I think I should post a bit about what I did yeserday during the day, though I'd like to not bore people overly much. I went to a QA conference, a one day event organized by the British Computer Society's Specialist Group In Software Testing. I had a hellish commute thanks to the Wimbledon branch of the District Line being all but closed, so I missed the opening talk on recruiting testers from the ranks of people with Autism Spectrum Disorder. I did, however, make three other talks of the four I could have seen: Preparing a business case and plan for investment in test (Declan Kavanagh, Irish); Extreme boundary testing (Robert Sabourin, Canadian); and Effective test process improvement (Fran O'Hara, Irish). I left my boss to attend "Managing complex test environments," which is seriously one of my least favorite potential aspects of my job - I prefer to leave this work to specialists. (And I can see many of your eyes are already starting to droop ...)
The "preparing a business case" talk was interesting, but not something I found very applicable because it assumed rather a huge body of experience that I lack, that is, the experience of making presentations to a group of people that you want to give you money.
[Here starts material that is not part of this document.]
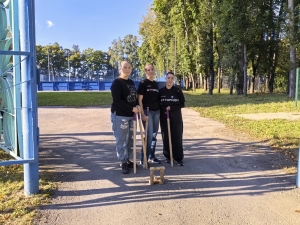 Городки: ожившие традиции - мастер‑класс в День города по городошному спорту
From my point of view, figuring out how to organize a cost benefit analysis was useful, and expressing your needs so that you show you're helping meet an organization's various financial and other goals is very sound principle. However, I don't have the experience at analysing what the various cost factors would be, so explaining how a certain software package would be a money saving investment over the long term, which requires using a lot of data points that I may not even be able to enumerate, is a bit over my head. On the other hand, I've gotten quite close to this with some of the work I've done, so I could probably make it up to the next level if given guidance. That said, I did very much like his point to get people involved and help them feel involved in the decision making process. It's probably just sound practice in the office in general but it was a good one.
Truth be told, what I wish is that I could have heard this gentleman's talk at Eurostar on "Testing as a Business versus the Business of Testing" (or whatever exactly it was called, the point being that you can't operate in a vacuum as if what the needs of a business are aren't relevant to the practice of testing - another paper by him here). I'm going to see if I can find a copy of it online.
The next talk, about boundary testing, was mostly remarkable for the high level of energy of its presenter. I learned about three things: if you enumerate all of the boundaries for anything, you'll likely come up with a number close to infinity; boundary testing is more useful for determining unknown behavior than as a way to verify specified behavior; and if a particular item reacts one way with one input and another way with a different input, the gap/intersection between these two behaviors is where you're going to get your interesting responses. (I should add that I think Mr. Sabourin had a lot of interesting stuff to talk about - but he got one of the short sessions and he couldn't really get it packed in. I would absolutely hear him speak on another occasion.)
Right, I'd write about the third talk, but instead I'm going to get the heck out of Dodge and get to work on my weekend!